Every line of the material is to be transcribed verbatim, with images omitted.

[Data shown]

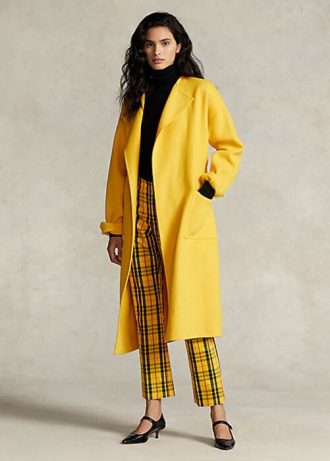 Gelbe Ralph Lauren Doubleface-Wickelmäntel aus Wollmischung für Damen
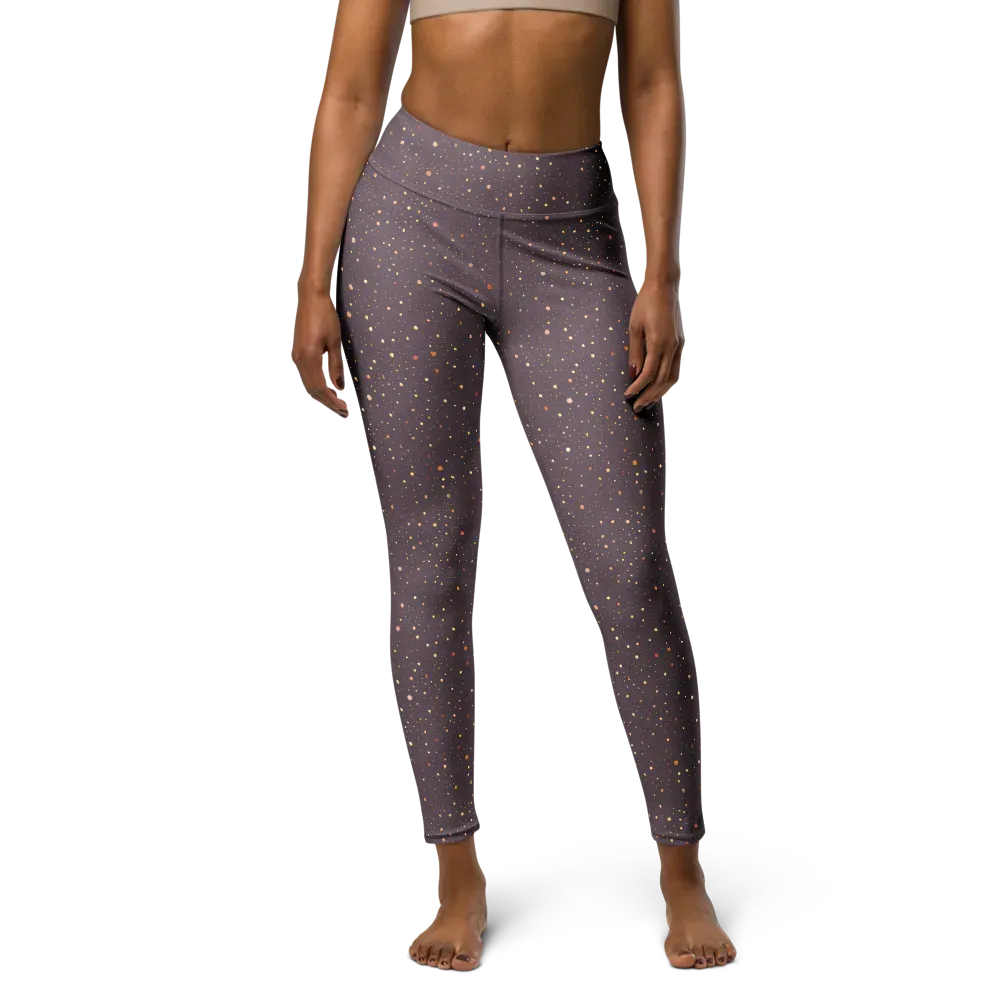 Plum Comet on Yoga Leggings — Front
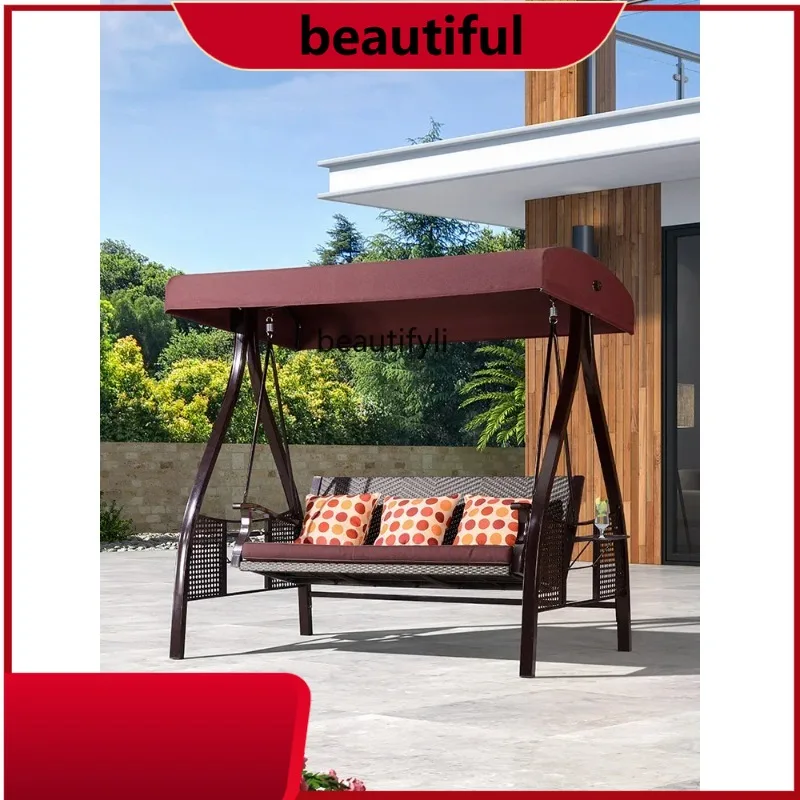 

Swing Outdoor Garden Rocking Chair Villa Double to Swing Iron Glider Terrace Courtyard h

[/Data shown]

### Answer to the problem
 Gelbe Ralph Lauren Doubleface-Wickelmäntel aus Wollmischung für Damen
 Plum Comet on Yoga Leggings — Front

Swing Outdoor Garden Rocking Chair Villa Double to Swing Iron Glider Terrace Courtyard h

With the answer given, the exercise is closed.